Basta scrivere, leggere,
friggere. Verso sera ogni sera prendo la Vespa, ma dopo un poco di
zigzag, come ogni sera, viene a piovere. Niente di che, le solite
quattro gocciole sulla visiera, ma bastano a spegnermi un po'.
Mestamente ritorno ai box e penso che non mi entra l'estate, non mi
contagia più. Dico quell'impressione d'indolenza, quel relax
compiaciuto, pigro, che mi trasporta un poco ai tropici, che mi
riporta profumi di fumetti e di canzoni (l'ho già detto, lo so,
porta pazienza mio lettore). Sono troppo vecchio? Questo non lo so,
quello che percepisco, che non discuto son quelle sensazioni
inchiodate a chissà quante vite fa eppure tanto forti; più forti
ogni anno che passa, che guadagno, che perdo, ogni estate che viene e
non ritrovo. Tutto è cambiato attorno a me. Dentro me. Nella vita
mia, più di quanto sia lecito chiedere ad un uomo, ma quella gabbia
d'emozioni è ancora qui con me. Dentro me. Non passa. E non passa
l'estate, non mi arriva in queste sere che si fanno lunghe, che tra
un mese scemeranno ma ora affogano nella pioggerella, stupida
dispettosa. Se ci penso, non ho più avuto una primavera in 35 anni.

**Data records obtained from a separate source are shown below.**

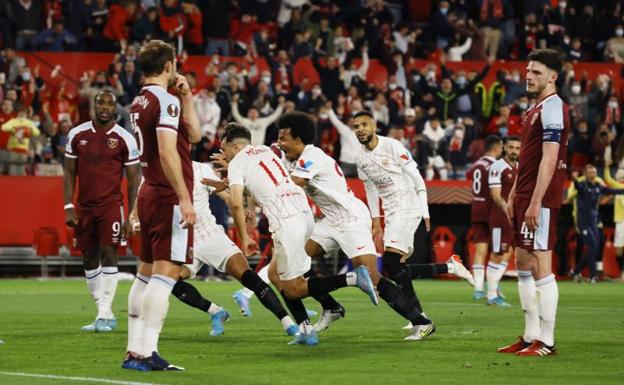 Munir premia la madurez del Sevilla ante el West Ham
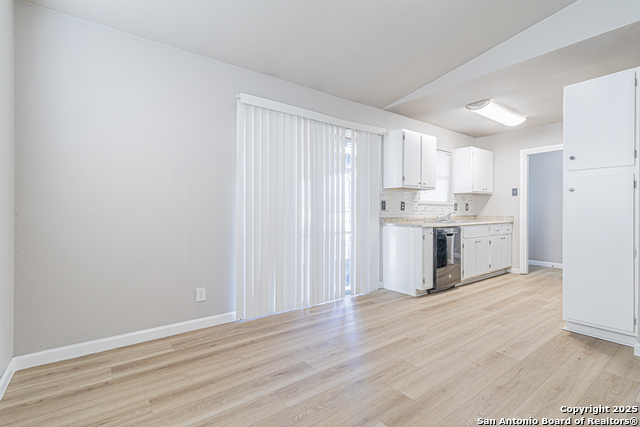 Listing photo id 42 for 6134 Cedar Valley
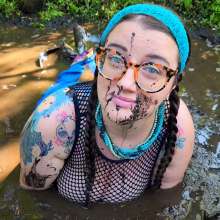 MelonieNosha: Na Mud Ste (Mud Yoga)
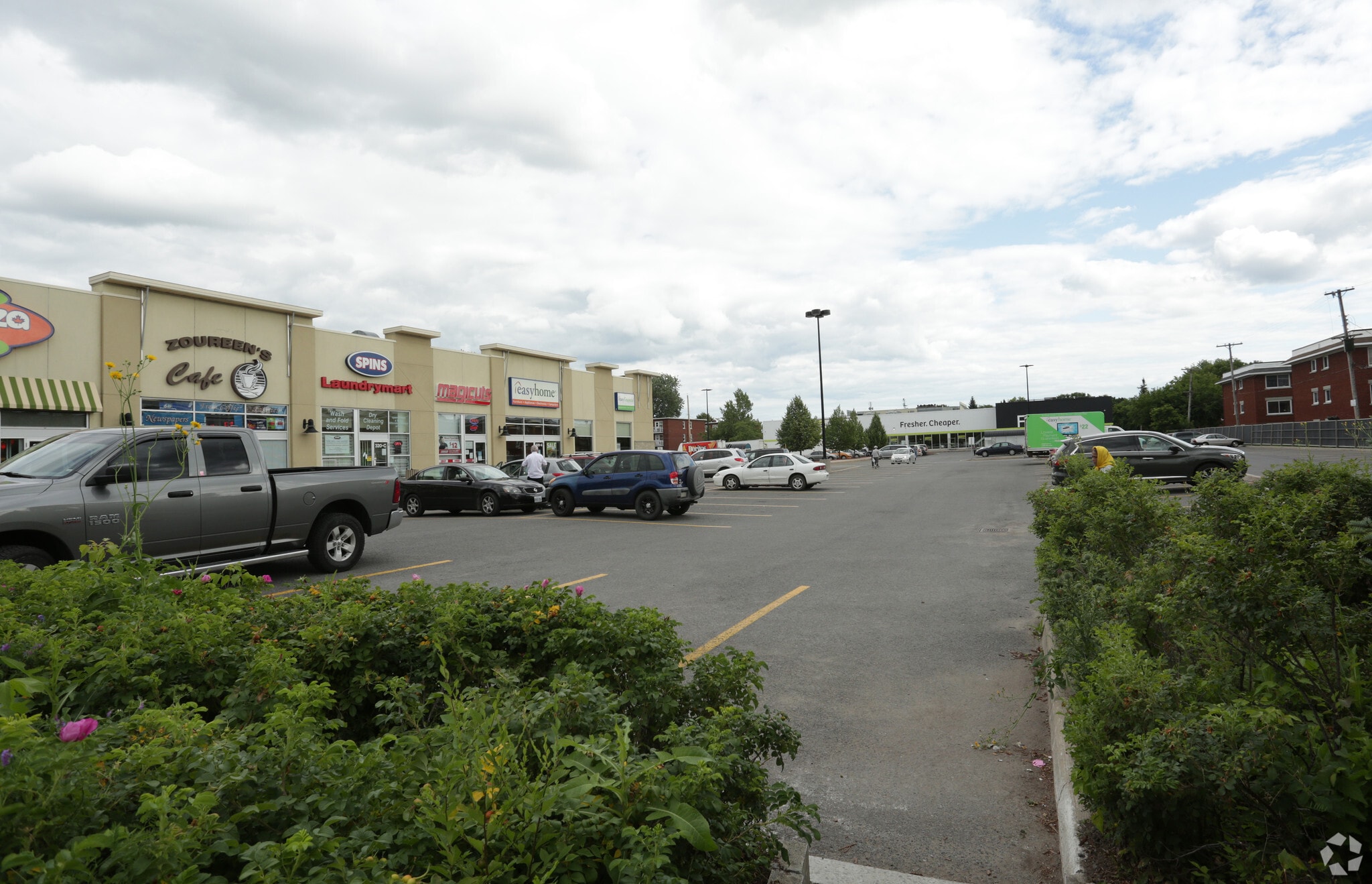 320 Mcarthur Ave, Ottawa, ON for sale Building Photo- Image 1 of 1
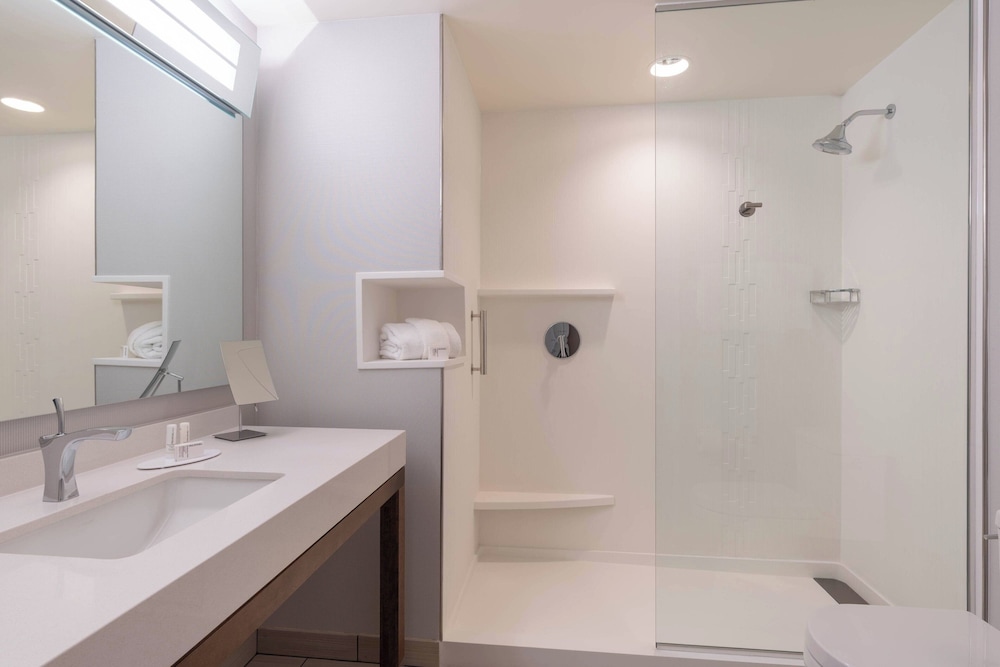 Courtyard by Marriott Thousand Oaks Agoura Hills - photo 19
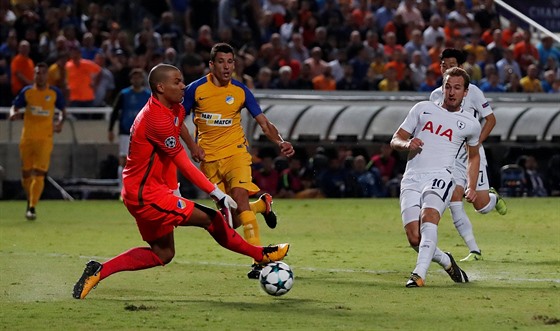 Útočník Tottenhamu Harry Kane dává gól v zápase proti Nikósii.
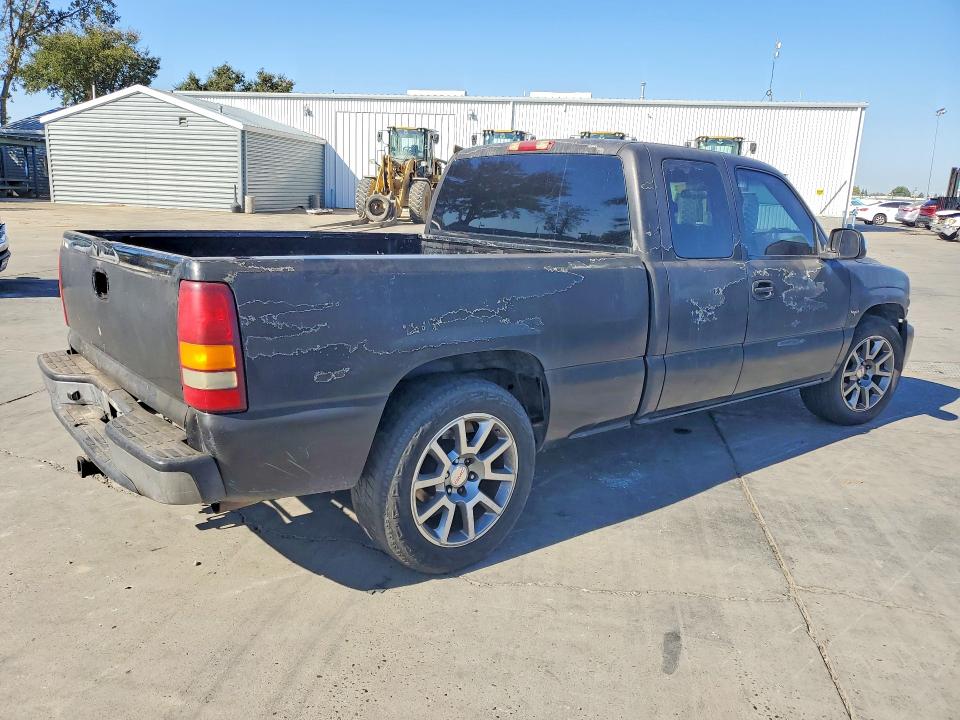 70894236 :رقم المزاد ، 2GCEC19V821190039 vin ، 2002 Chevrolet Silverado مزاد بيع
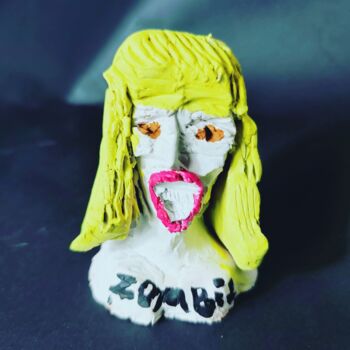 Sculpture titled "zombie girl" by Régis Duprat, Original Artwork, Clay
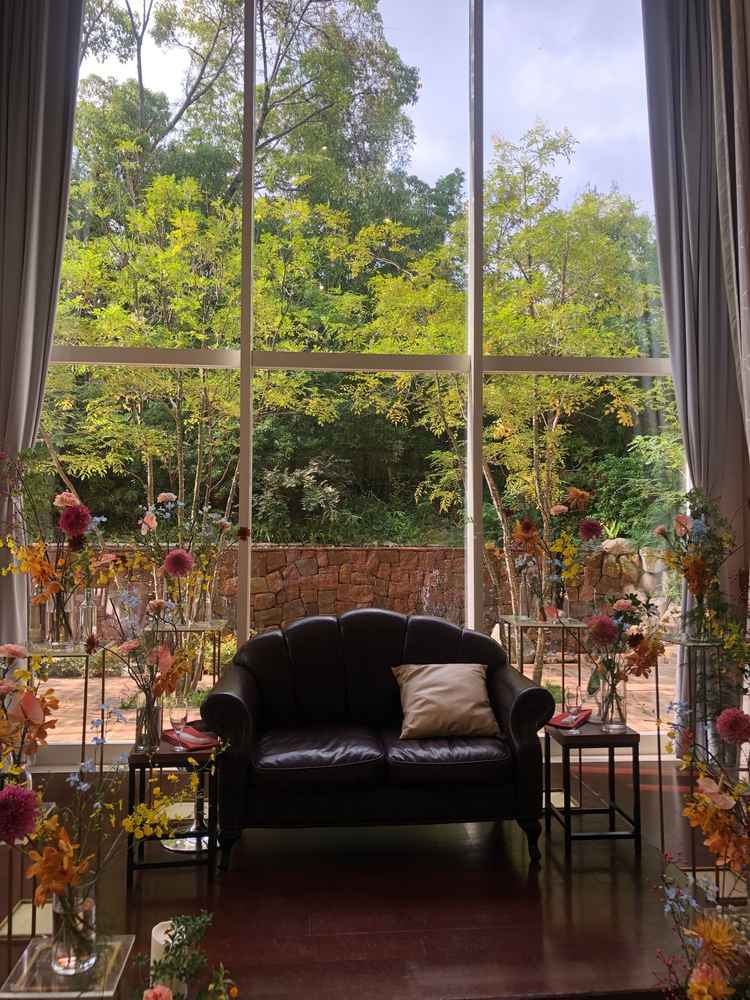 披露宴会場で新郎新婦が座る場所です。後ろの背景に青い空と木の緑が魅力的な会場でした。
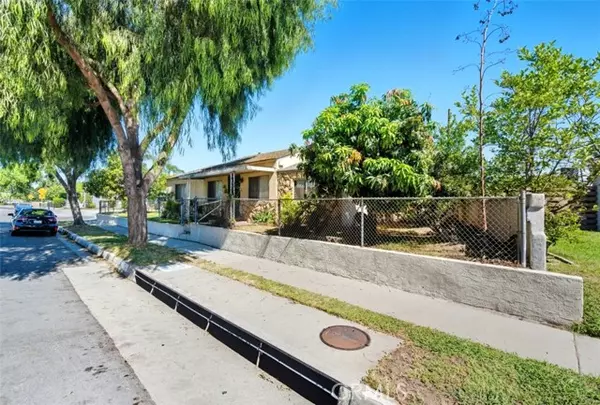 Paramount, CA 90723,7633 Racine Ave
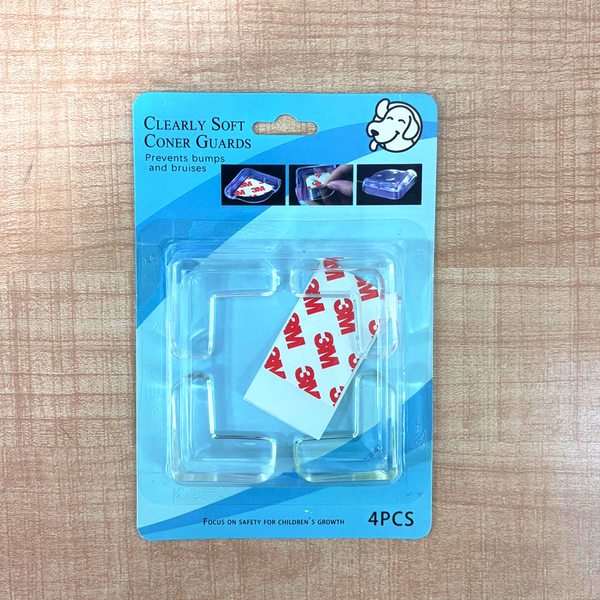 AM3715 Smiley Shaped Protector Corner For Child Safety 4Pcs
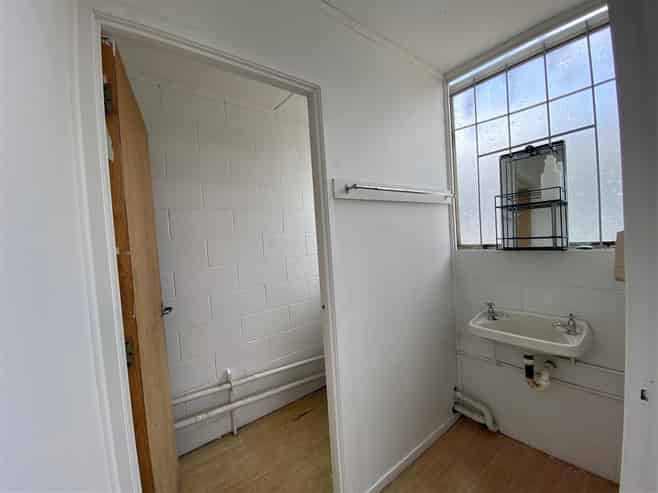 SMALL FRANKTON UNIT CLOSE TO SH1C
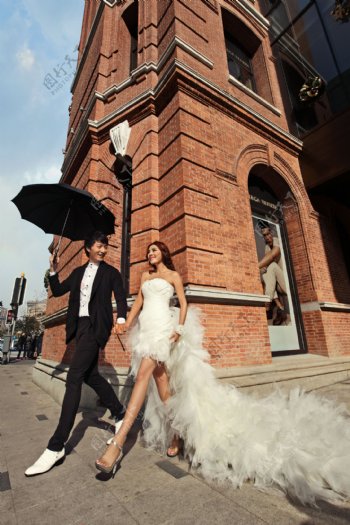打雨伞的新娘新郎图片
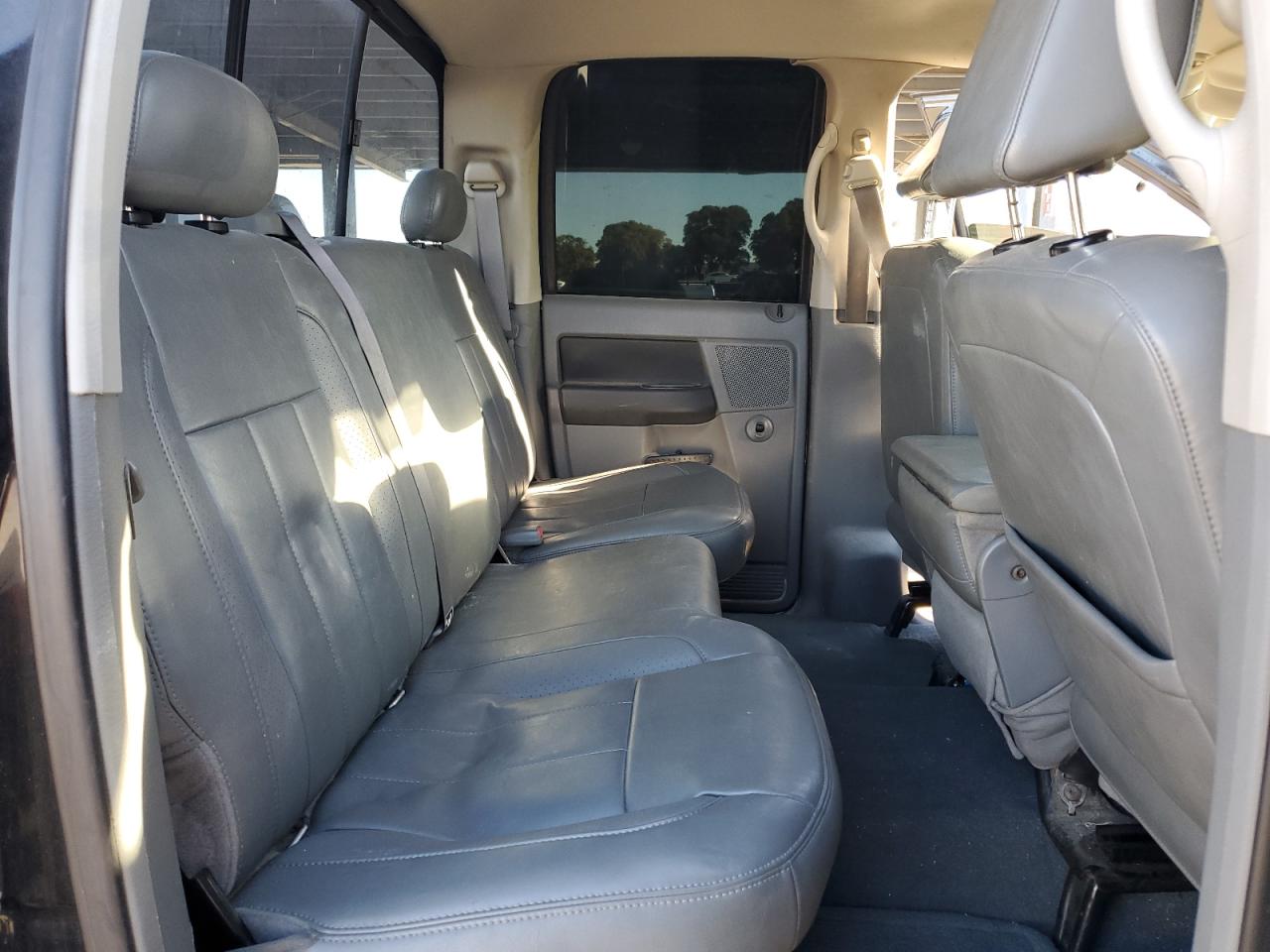 2007 Dodge RAM - Image 10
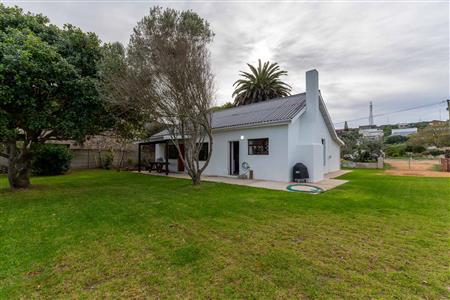 House For Sale in Stilbaai Oos, Stilbaai, Western Cape - M122067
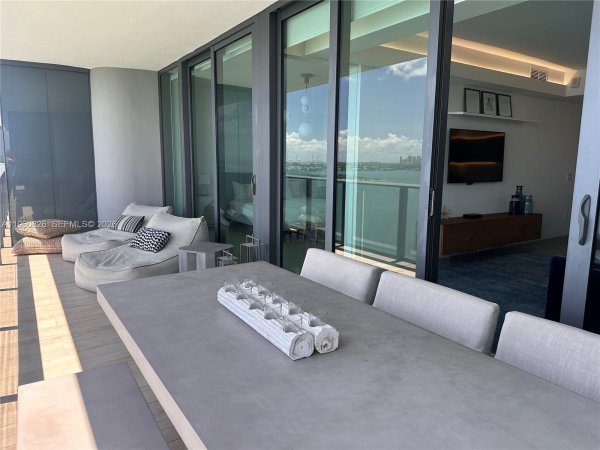 3131 NE 7th Ave #1905 Miami, FL 33137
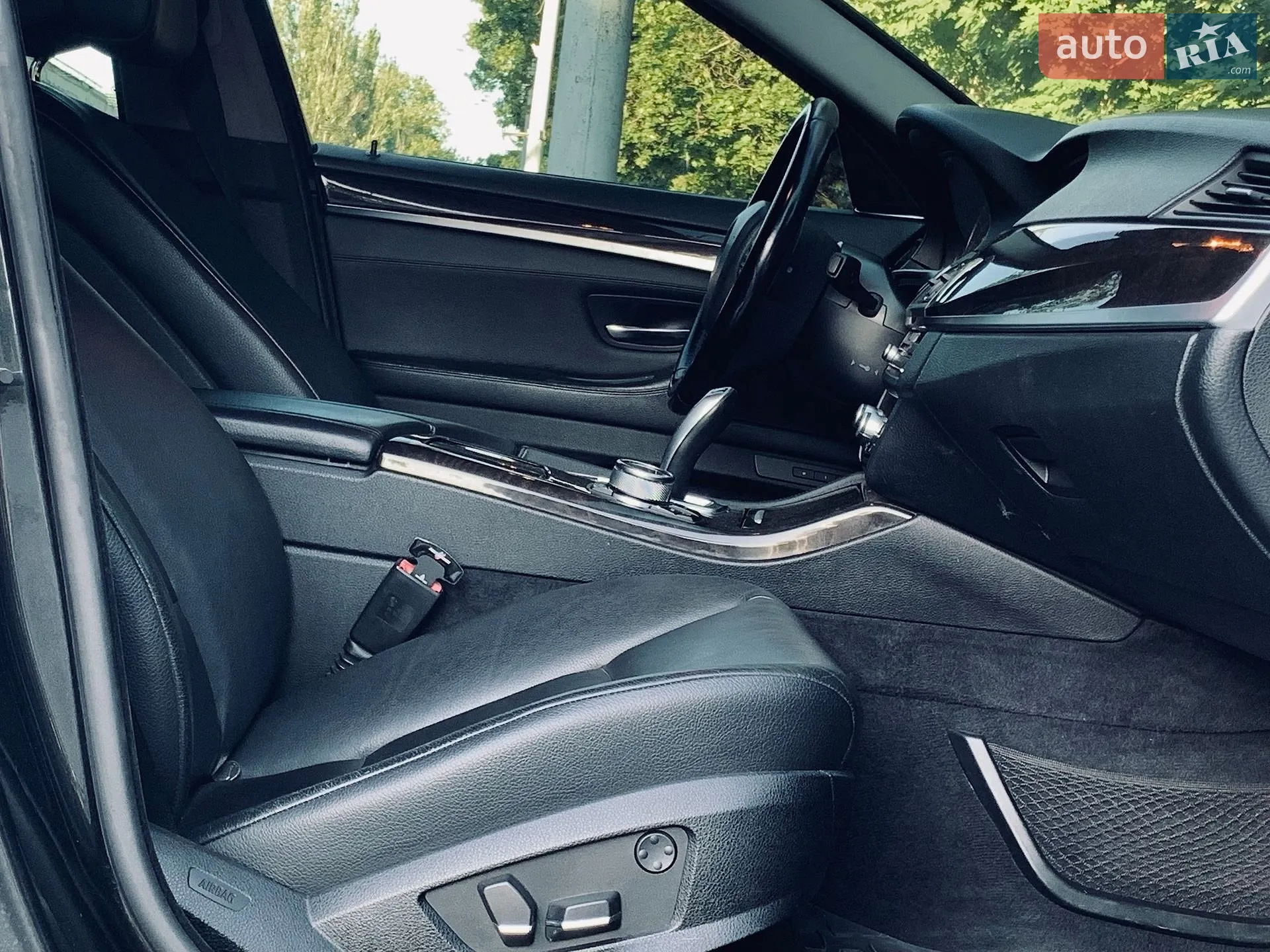 2012 BMW 5er - мініатюра 26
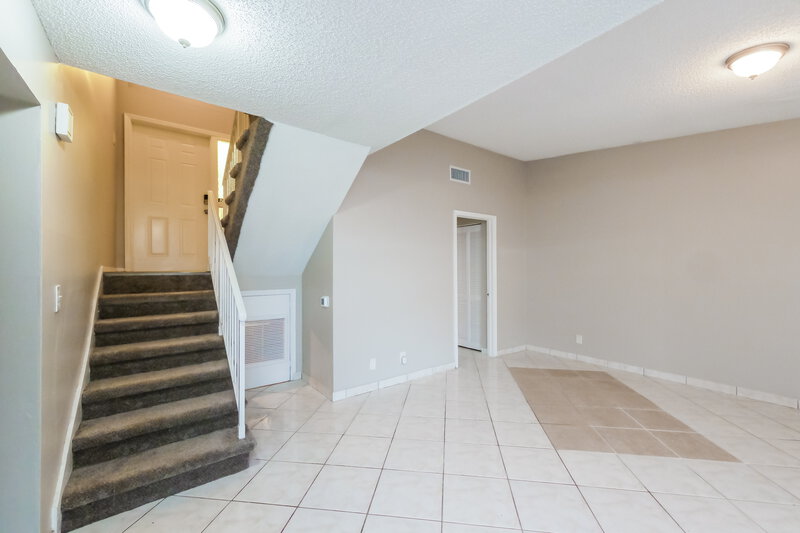 2,700/Mo, 10610 La Placida Dr Coral Springs, FL 33065 Living Room View 4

La stagione del risveglio, che tanto mi stordiva, esiste perché non
esiste, la rievoco perché non viene, la ho finché la cerco. È come
Dio. È buffo però, è atroce: a forza di tener tutto, ogni
sensazione di un sole remoto, di musiche che girano dentro come il
sangue, di fumetti ingiallati a forza di guardarli, ho perso tutto,
vivo nel vuoto spinto del mai, sotto un cielo di pianto. A furia di
conservare chi non sono più, ho ucciso chi dovevo essere. Ecco, mi
sembro quell'uccello che s'appoggia al cavo della luce e vola via,
nella pioggia insapore. Sono troppo vecchio?